## REQUIRED ACTION
Starting at the line that contains "We The Free Blue Quilted Star Print Jacket", reproduce every line through the end of the entries below, with no pictures in the copy.

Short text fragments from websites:
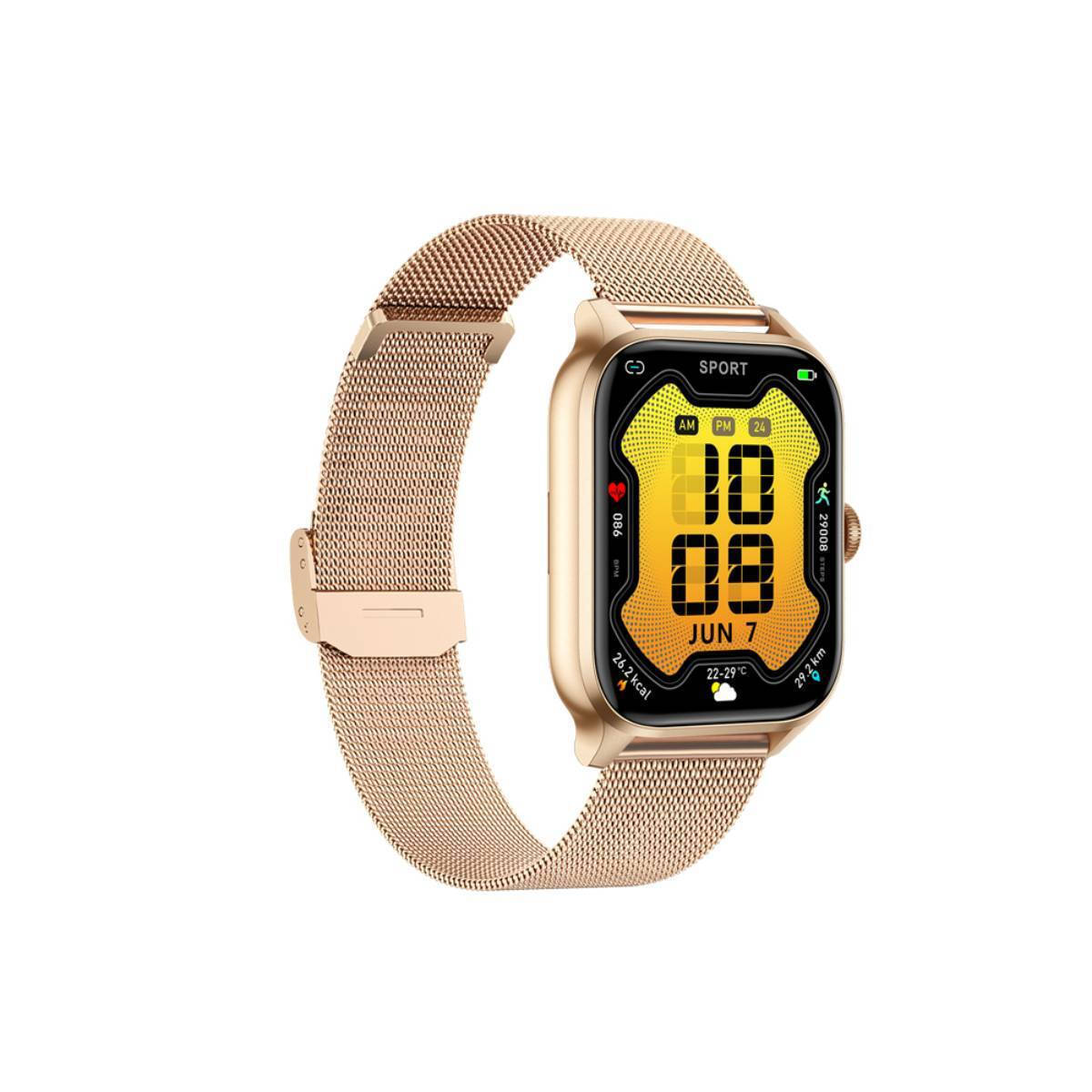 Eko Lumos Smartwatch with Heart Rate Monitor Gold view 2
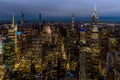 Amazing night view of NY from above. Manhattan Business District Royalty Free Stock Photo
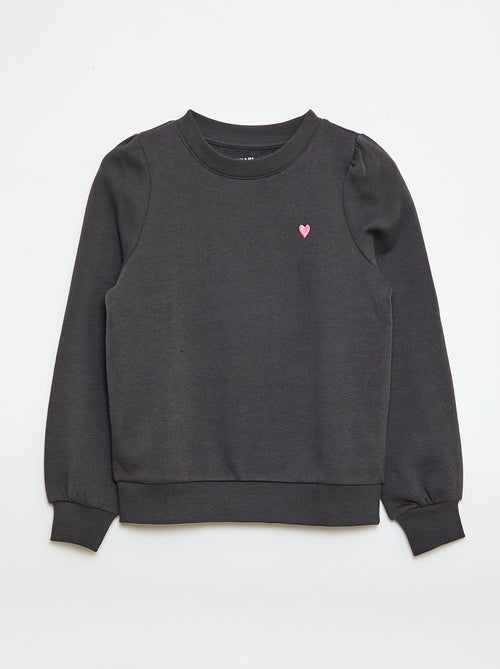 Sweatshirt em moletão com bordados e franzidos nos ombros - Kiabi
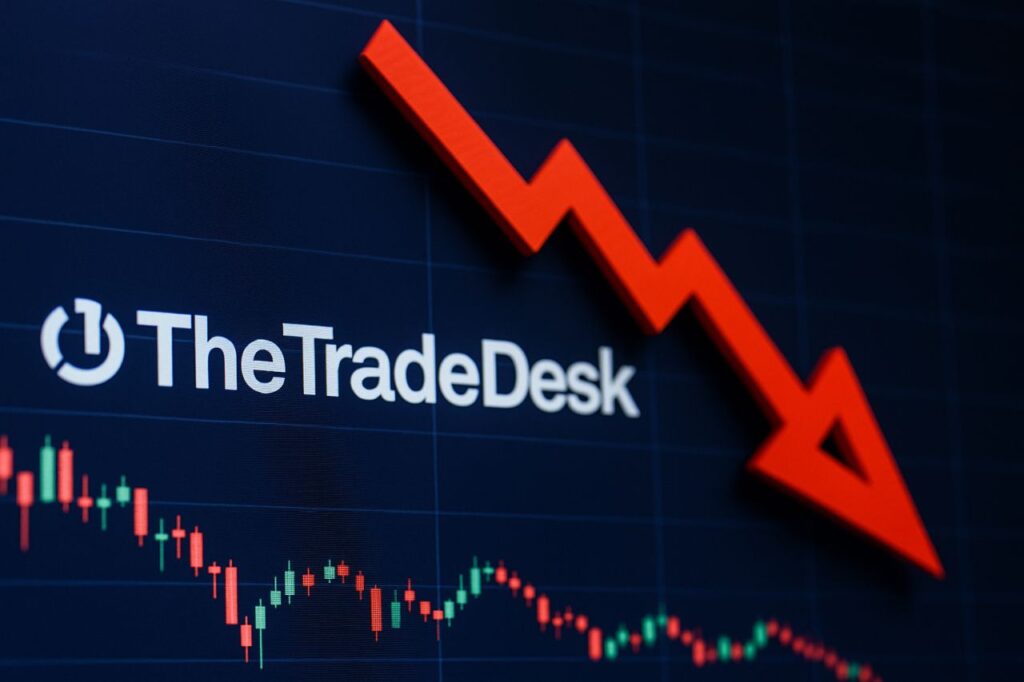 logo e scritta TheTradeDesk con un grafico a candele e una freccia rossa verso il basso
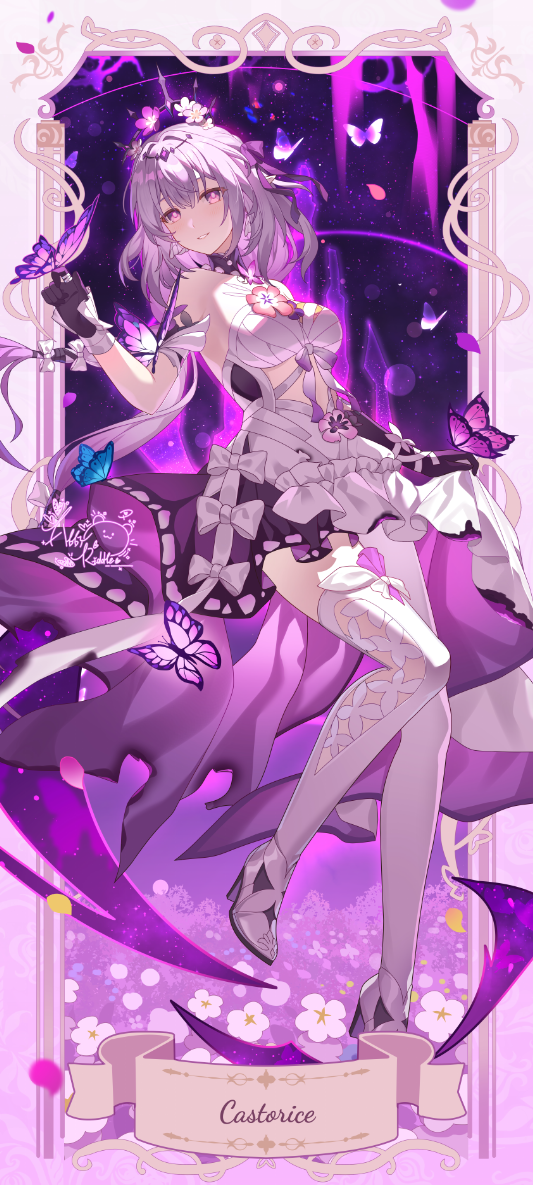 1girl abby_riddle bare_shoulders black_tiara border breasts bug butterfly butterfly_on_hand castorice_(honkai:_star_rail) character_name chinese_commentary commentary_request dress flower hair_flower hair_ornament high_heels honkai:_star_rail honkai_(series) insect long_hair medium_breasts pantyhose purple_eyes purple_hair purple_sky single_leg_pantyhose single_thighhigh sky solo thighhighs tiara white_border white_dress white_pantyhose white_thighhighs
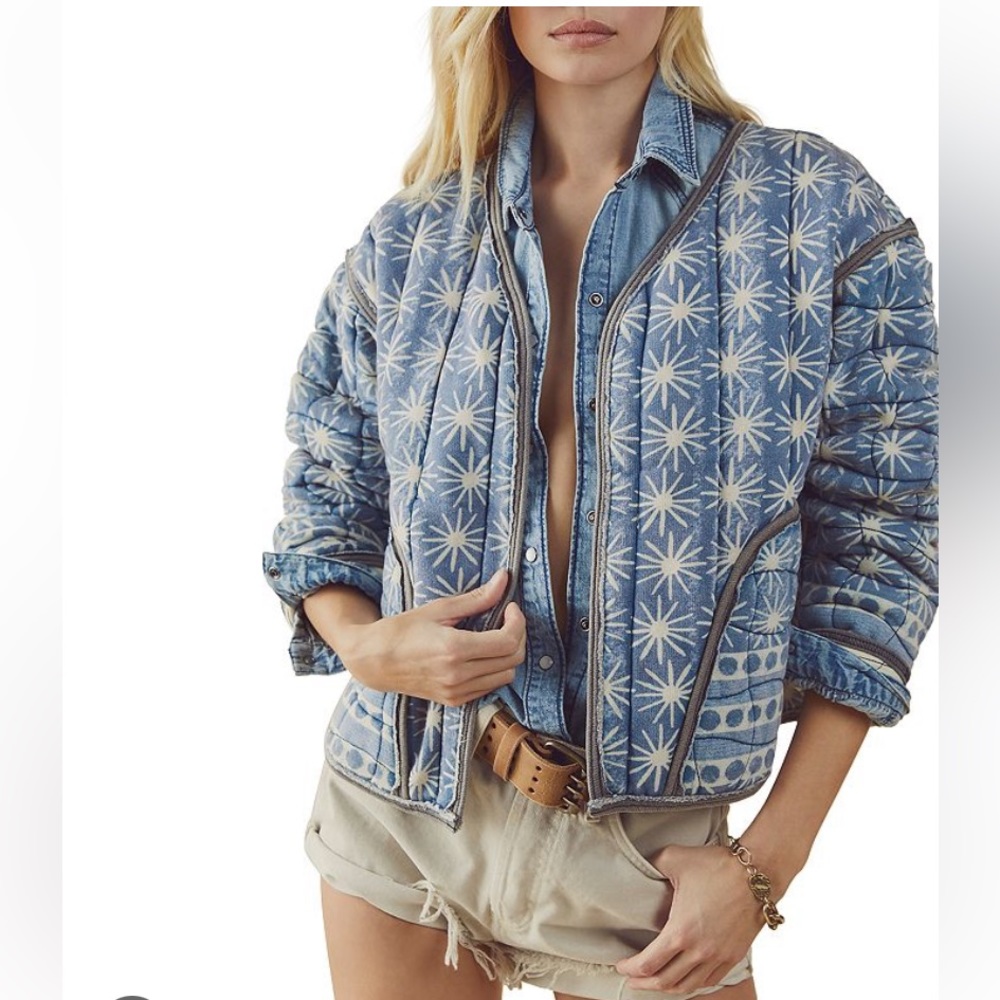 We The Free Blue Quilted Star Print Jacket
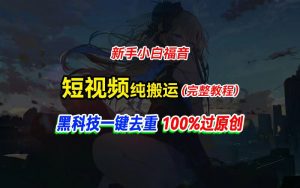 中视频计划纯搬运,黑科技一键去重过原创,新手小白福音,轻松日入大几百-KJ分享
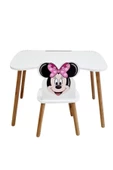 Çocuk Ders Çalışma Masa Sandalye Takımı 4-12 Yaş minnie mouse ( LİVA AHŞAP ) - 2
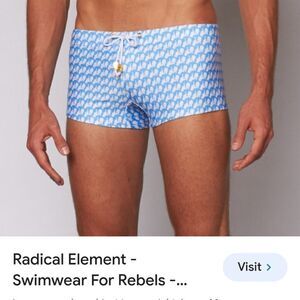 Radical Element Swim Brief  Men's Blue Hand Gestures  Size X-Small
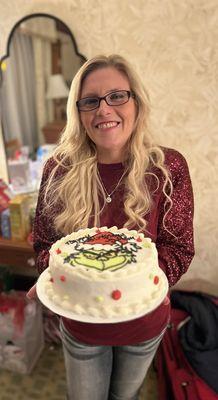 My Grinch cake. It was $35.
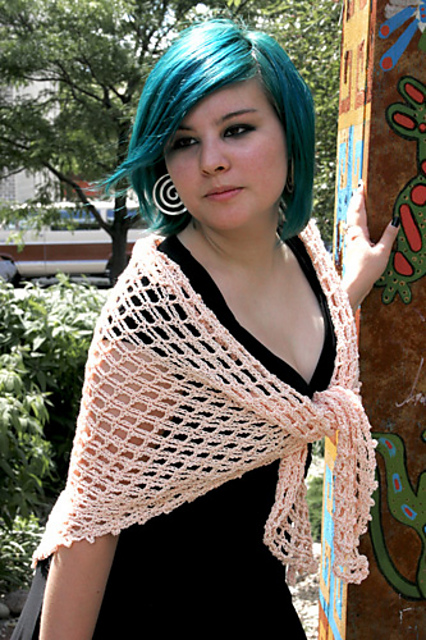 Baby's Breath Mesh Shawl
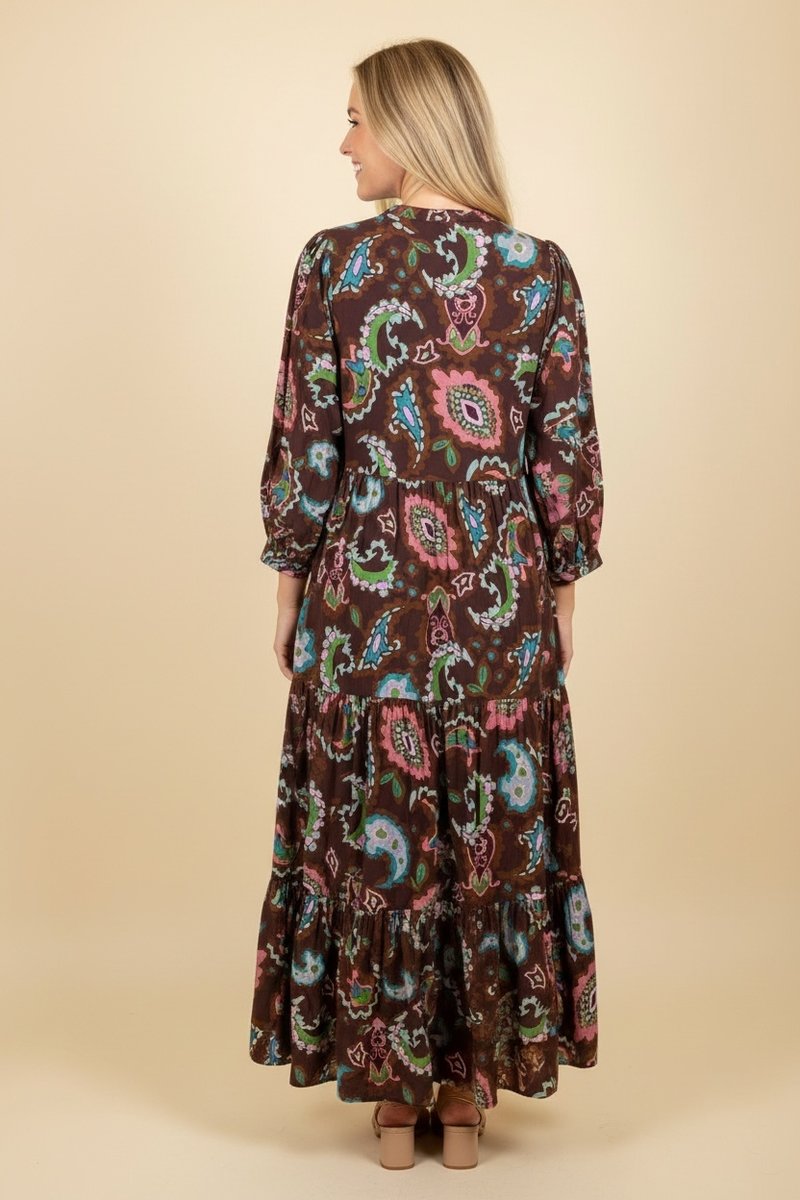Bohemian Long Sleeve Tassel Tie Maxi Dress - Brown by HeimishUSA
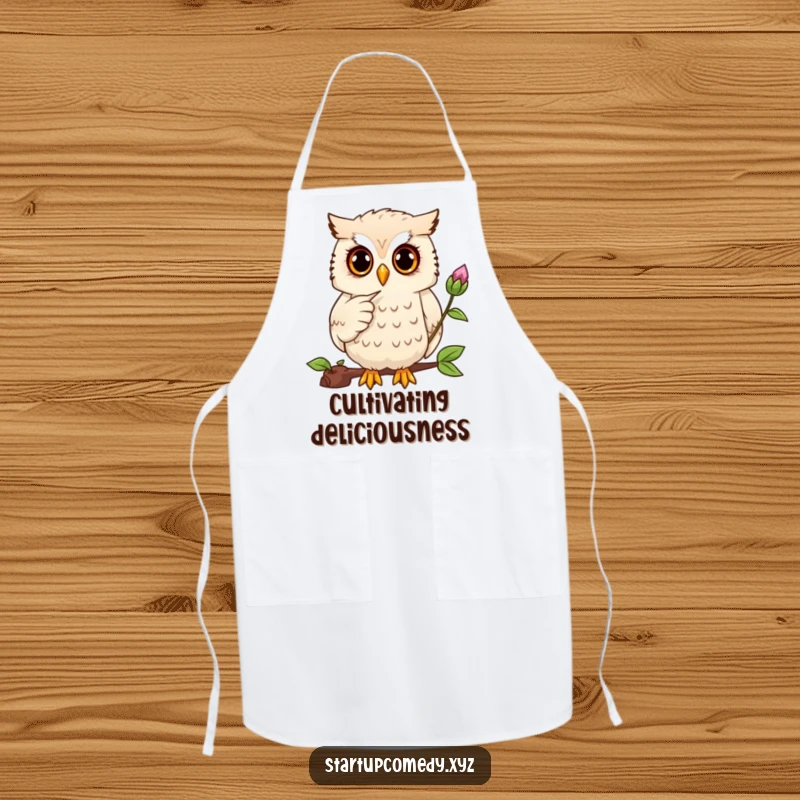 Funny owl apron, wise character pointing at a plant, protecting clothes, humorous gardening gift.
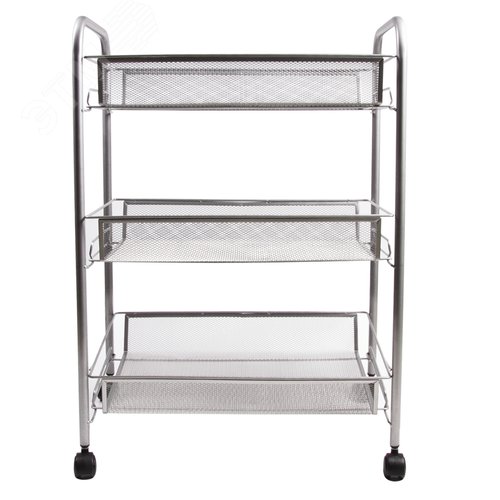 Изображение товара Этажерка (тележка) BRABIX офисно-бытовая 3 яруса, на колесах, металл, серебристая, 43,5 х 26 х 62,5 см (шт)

## OUTPUT FOR THIS TASK
 We The Free Blue Quilted Star Print Jacket
 中视频计划纯搬运,黑科技一键去重过原创,新手小白福音,轻松日入大几百-KJ分享
 Çocuk Ders Çalışma Masa Sandalye Takımı 4-12 Yaş minnie mouse ( LİVA AHŞAP ) - 2
 Radical Element Swim Brief  Men's Blue Hand Gestures  Size X-Small
 My Grinch cake. It was $35.
 Baby's Breath Mesh Shawl
Bohemian Long Sleeve Tassel Tie Maxi Dress - Brown by HeimishUSA
 Funny owl apron, wise character pointing at a plant, protecting clothes, humorous gardening gift.
 Изображение товара Этажерка (тележка) BRABIX офисно-бытовая 3 яруса, на колесах, металл, серебристая, 43,5 х 26 х 62,5 см (шт)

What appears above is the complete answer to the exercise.